Ivory Coast ex-leader Gbagbo heads home after war crimes acquittal

Former president Laurent Gbagbo was returning to Ivory Coast on Thursday for the first time in nearly a decade, after he was cleared of crimes against humanity and his once-bitter rival welcomed him back in the name of reconciliation.

Gbagbo left the country in humiliation in 2011, after his refusal to accept electoral defeat sparked a conflict that ended in his arrest and transfer to The Hague.

The 76-year-old’s homecoming will be a key test of stability in Ivory Coast, the world’s biggest cocoa producer and the wealthiest country in francophone West Africa.

Gbagbo boarded a commercial flight to Abidjan from Brussels on Thursday morning, his spokesman Justin Katinan Kone told AFP.

The Belgian capital has been his home since the International Criminal Court (ICC) acquitted him in a shock decision in 2019. An appeal against the ruling failed in March, paving the way for his return.

Gbagbo was ousted in April 2011 after around 3,000 people died in the months-long conflict that followed his refusal to accept electoral defeat at the hands of Alassane Ouattara, the current president.

– Police disperse supporters –

Today, Gbagbo has been recast in the role of statesman, called upon to help national reconciliation after elections last year left scores dead.

Ouattara, 79, has facilitated his return, issuing his rival with a diplomatic passport and promising him the rewards and status due to ex-presidents.

Ouattara is letting Gbagbo use the presidential salon at Abidjan airport upon arrival, and tents will be set up for dozens of notables to hail his return.

He will then travel through the city to the Attoban neighbourhood, where his old campaign headquarters are located, according to a statement from his Ivorian Popular Front (FPI) party.

The party held talks about the scale of the celebrations with the government, which preferred a more discrete event.

Communications Minister Amadou Coulibaly said Wednesday that gatherings by Gbagbo’s supporters had been authorised. “If there was any ban, it would have been made public,” he said.

Young people carrying the national flag were seen walking on the road towards the Abidjan airport early Thursday, many from a poor district of the city.

“We’re ready,” a woman said, wearing a T-shirt with Gbagbo’s face on it.

“We want to see him to believe it,” said another supporter, wearing a shirt that read “Gbagbo acquitted, thank you, Lord.”

However the road to the airport was blocked to the public, and later Thursday police used tear gas to disperse dozens of angry Gbagbo supporters gathered along it, according to AFP reporters.

Gbagbo spokesman Kone said “we are surprised by this unjustified reaction”.

He added that “arrests have been carried out” and that buses of Gbagbo supporters coming in from the provinces had been blocked from entering Abidjan.

“This is out of step with the spirit” of cooperation between the government and FPI “which had prevailed until now,” he added.

After leaving the airport, Gbagbo’s motorcade is scheduled to pass through several areas where crowds of supporters are expected to gather to cheer him on. 

– ‘Wounds are still open’ –

But not everyone is overjoyed at his return. 

Groups representing the victims of the 2010-2011 post-election violence have condemned the “impunity” he has received and say they plan to protest in Abidjan.

They also point to a 20-year jail sentence Gbagbo was given in absentia for “looting” the Central Bank of West African States during the conflict.

Authorities have already hinted that this sentence will be lifted.

First elected in 2000, Gbagbo’s tenure was marked by division and rebellion in the former French colony nation once seen as a beacon of stability in West Africa.

Elections that should have been held in 2005 were postponed six times until 2010, when he lost to Ouattara.

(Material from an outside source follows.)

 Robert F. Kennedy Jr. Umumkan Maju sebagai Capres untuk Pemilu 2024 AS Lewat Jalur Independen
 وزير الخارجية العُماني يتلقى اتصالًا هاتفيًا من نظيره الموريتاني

Conflict erupted, leading to his arrest in April 2011 and transfer to the ICC in November that year.

His party insists he is returning in peace. In March, it took part in legislative elections, ending a decade-long boycott of the ballot box.

“The wounds are still open… and the authorities are worried that Gbagbo will stir up the crowds again, which is one of his hallmarks,” said Rinaldo Depagne, a researcher at the International Crisis Group think tank.

But attention has also turned to a rising Islamist threat after jihadists killed four soldiers near the border with Burkina Faso.

“Above all else, we must form a sacred union” to unite “our efforts to confront the terrorists,” prominent pro-Ouattara writer Venance Konan said in a newspaper editorial this week.